▶ TASK DIRECTIONS
Exact reproduction of the data is required, with images excluded.

********************

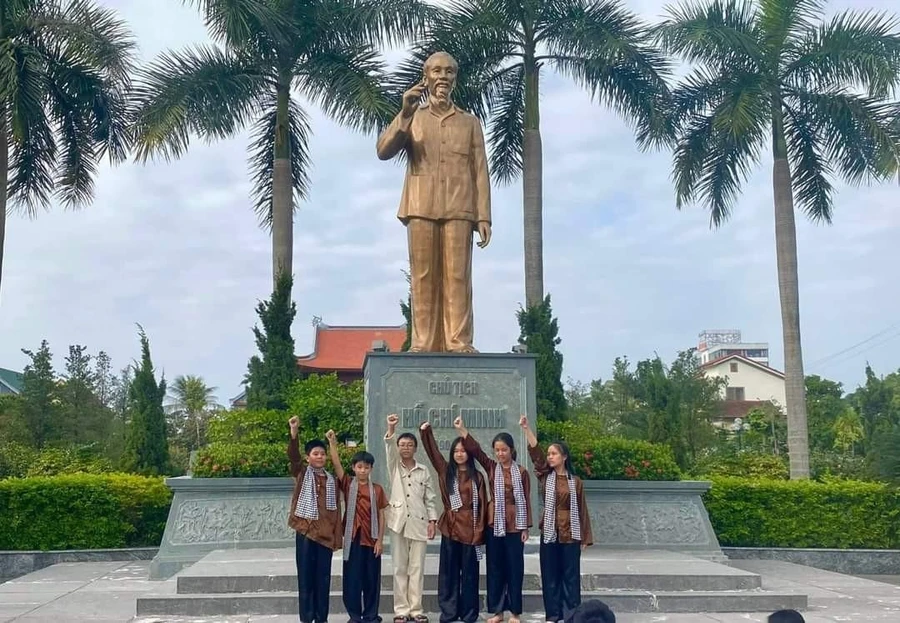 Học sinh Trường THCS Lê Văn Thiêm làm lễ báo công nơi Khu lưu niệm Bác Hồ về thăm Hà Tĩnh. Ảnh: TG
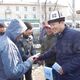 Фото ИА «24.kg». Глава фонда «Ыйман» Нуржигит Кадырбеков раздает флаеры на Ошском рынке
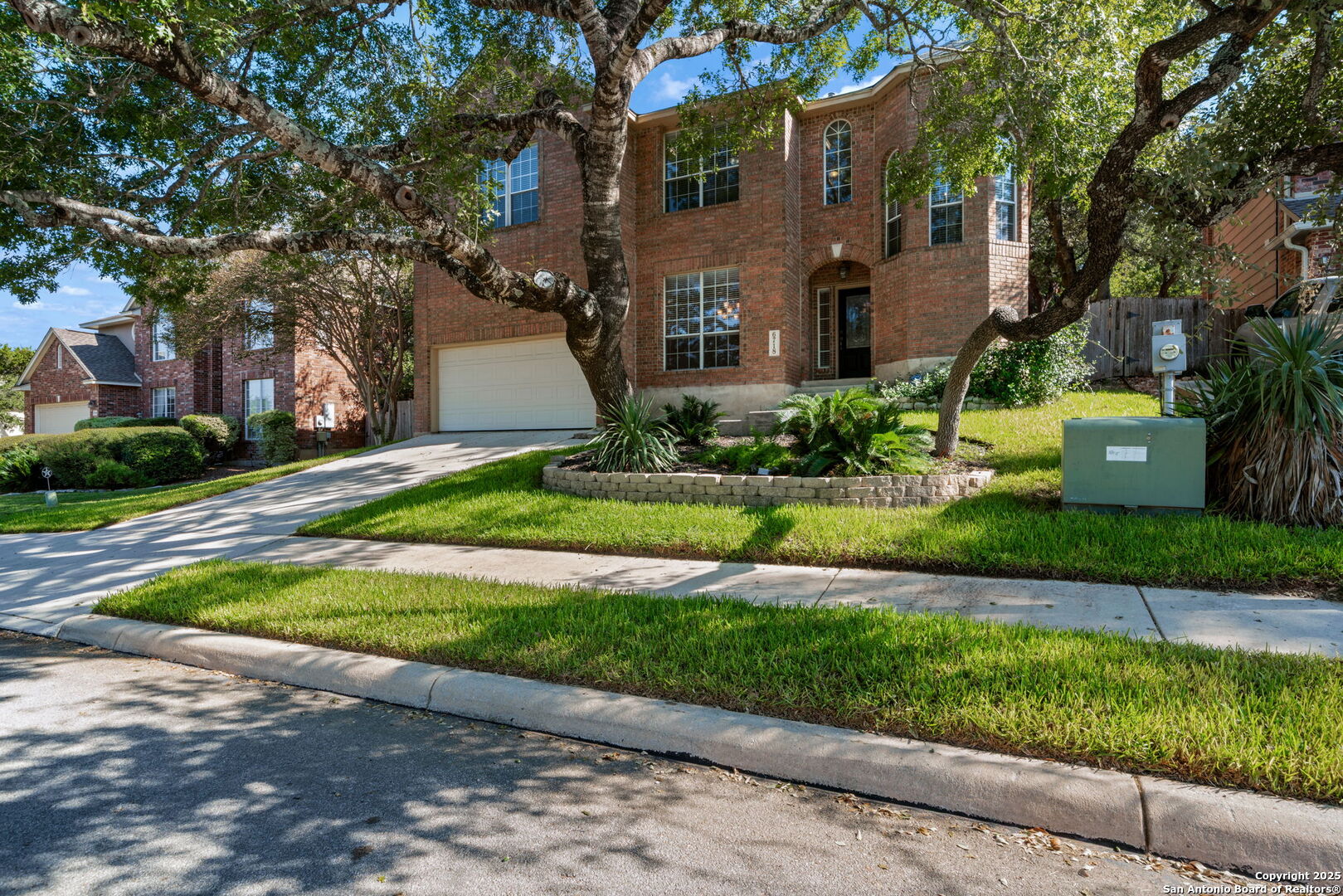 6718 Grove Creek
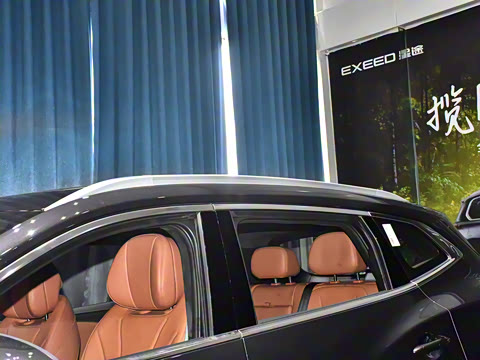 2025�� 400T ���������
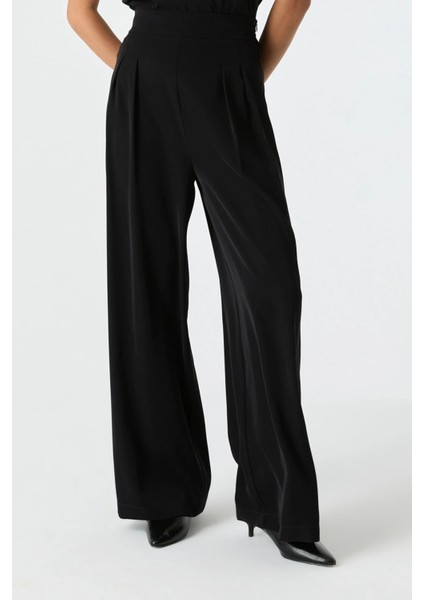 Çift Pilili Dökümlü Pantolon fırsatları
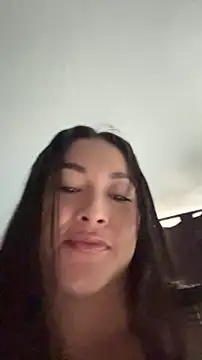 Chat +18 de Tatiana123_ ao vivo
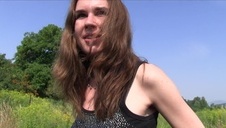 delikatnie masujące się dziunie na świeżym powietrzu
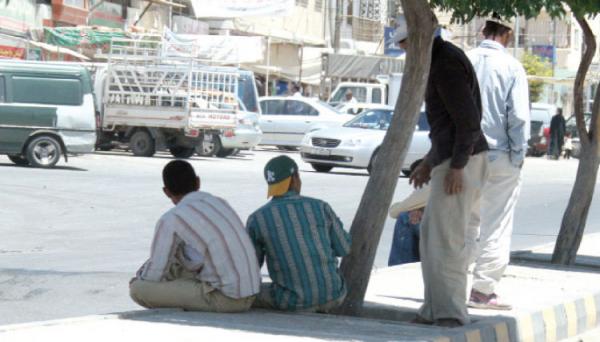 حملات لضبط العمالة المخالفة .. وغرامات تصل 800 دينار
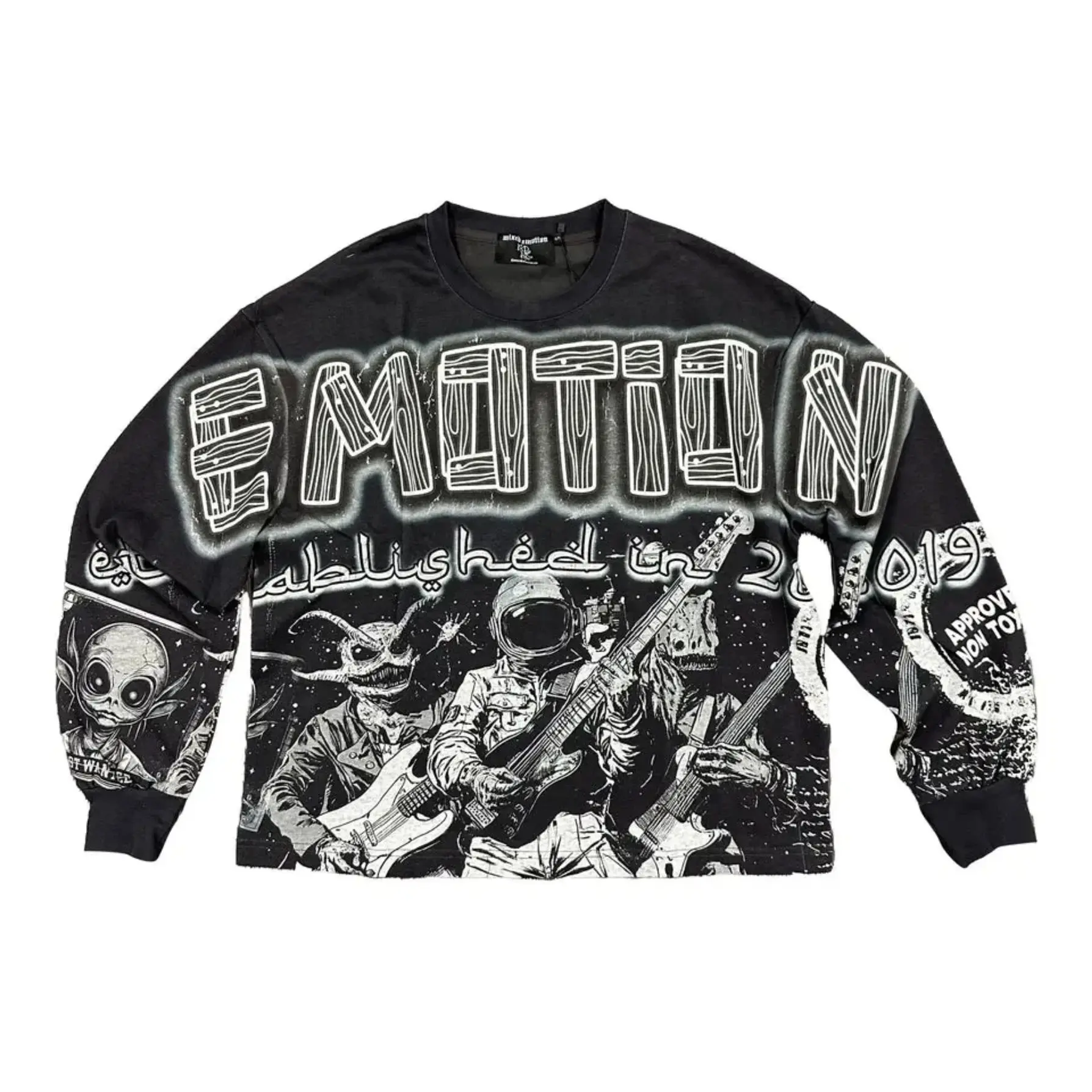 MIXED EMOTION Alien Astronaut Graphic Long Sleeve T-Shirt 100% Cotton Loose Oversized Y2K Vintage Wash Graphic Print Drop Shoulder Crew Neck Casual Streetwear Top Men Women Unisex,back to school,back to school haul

********************

▶ ANSWER SECTION
 Học sinh Trường THCS Lê Văn Thiêm làm lễ báo công nơi Khu lưu niệm Bác Hồ về thăm Hà Tĩnh. Ảnh: TG
 Фото ИА «24.kg». Глава фонда «Ыйман» Нуржигит Кадырбеков раздает флаеры на Ошском рынке
 6718 Grove Creek
 2025�� 400T ���������
 Çift Pilili Dökümlü Pantolon fırsatları
 Chat +18 de Tatiana123_ ao vivo
 delikatnie masujące się dziunie na świeżym powietrzu
 حملات لضبط العمالة المخالفة .. وغرامات تصل 800 دينار
 MIXED EMOTION Alien Astronaut Graphic Long Sleeve T-Shirt 100% Cotton Loose Oversized Y2K Vintage Wash Graphic Print Drop Shoulder Crew Neck Casual Streetwear Top Men Women Unisex,back to school,back to school haul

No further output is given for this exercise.